When the 2011 season ended, the Phillies' front office realized change was inevitable. After declining two club options for pitchers Brad Lidge and Roy Oswalt, they faced the real possibility that five key contributors from their roster would not be back in 2012.
In addition to Lidge and Oswalt, left fielder Raul Ibanez, closer Ryan Madson and shortstop Jimmy Rollins were also free agents.
To general manager Ruben Amaro Jr.'s credit, he worked diligently to make sure the roster did not fall apart. He filled what he viewed as the team's two most importance vacancies, plucking Jonathan Papelbon off the open market to replace Madson and re-signing Rollins a week before Christmas.
But the heavy lifting for the Phils brass will actually begin with the new year. With at least a half-dozen proven closers on the free agent market this winter and a player in Rollins ready and willing to return, the first two objectives were relatively simple. The challenge that lies ahead begins with the arbitration process and, namely, negotiations with All-Star left-hander Cole Hamels.
Hamels just completed a three-year, $20.5 million contract, a deal that, when signed in January 2009, bought out each of Hamels' first three arbitration years. But Hamels is now less than a year away from being able to file for free agency.
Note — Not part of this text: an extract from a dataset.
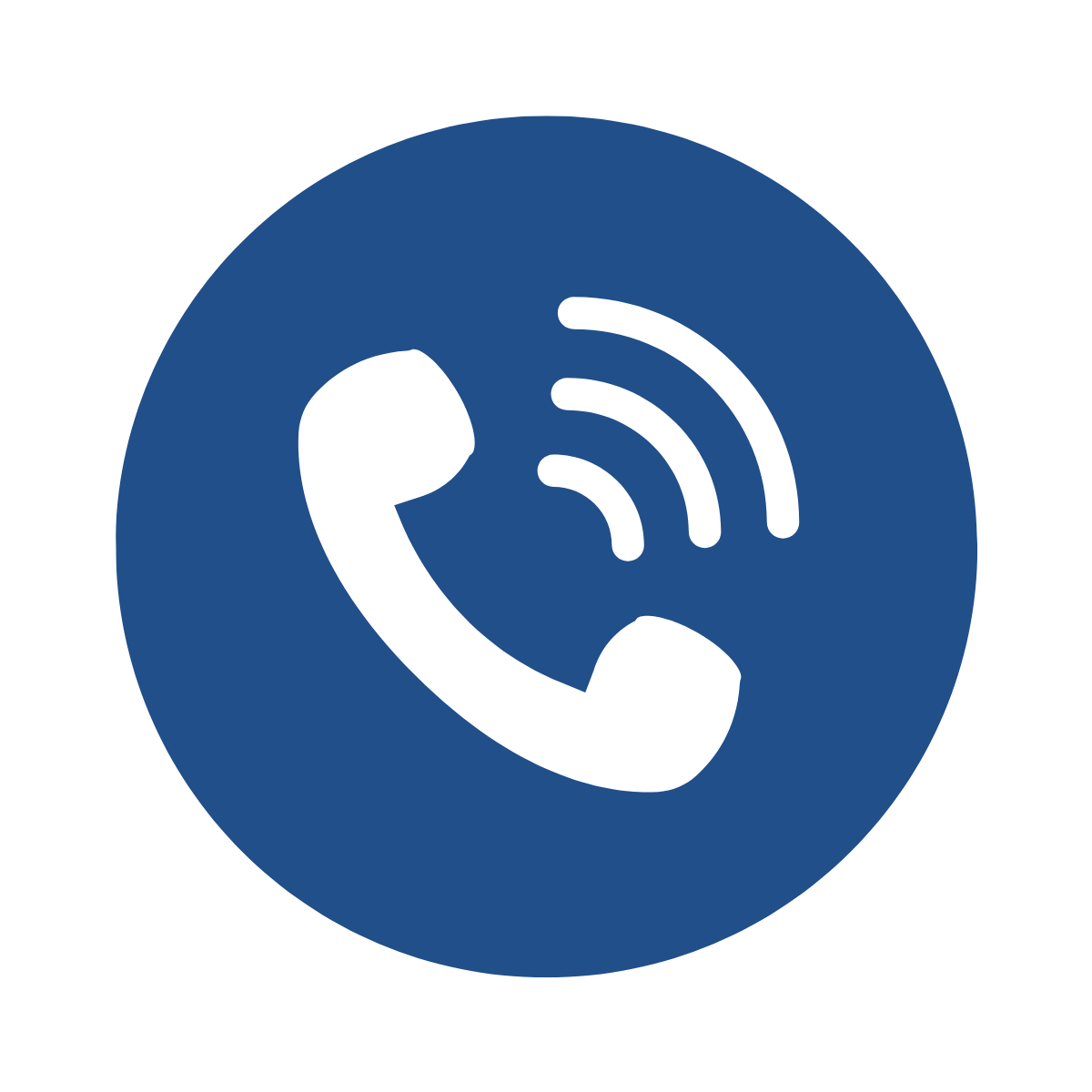 A blue circular icon with a white telephone handset and radio signal waves, indicating a contact or call function.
Hamels, who turns 28 two days after Christmas, would have no shortage of suitors ready to write out a very large check for his services. Hamels is a former World Series MVP who has averaged 206 innings in each of the last five seasons. He finished fifth in the National League Cy young balloting in 2011, when he went 14-9 with a career-best 2.79 ERA in 32 games.
"That's a situation that we'll deal with when it's appropriate," Amaro told the Delaware County Daily Times. "We're trying to put the best club on the field not just for this year, but beyond that. We've had some discussions with Cole, but when we start to get into it, we'll deal with it at the appropriate time.
"We'll see how it goes. If we get into a negotiation, it will probably be quiet. We're not going to have public discussions about them, but at some point we'll have those discussions, probably after the first of the year."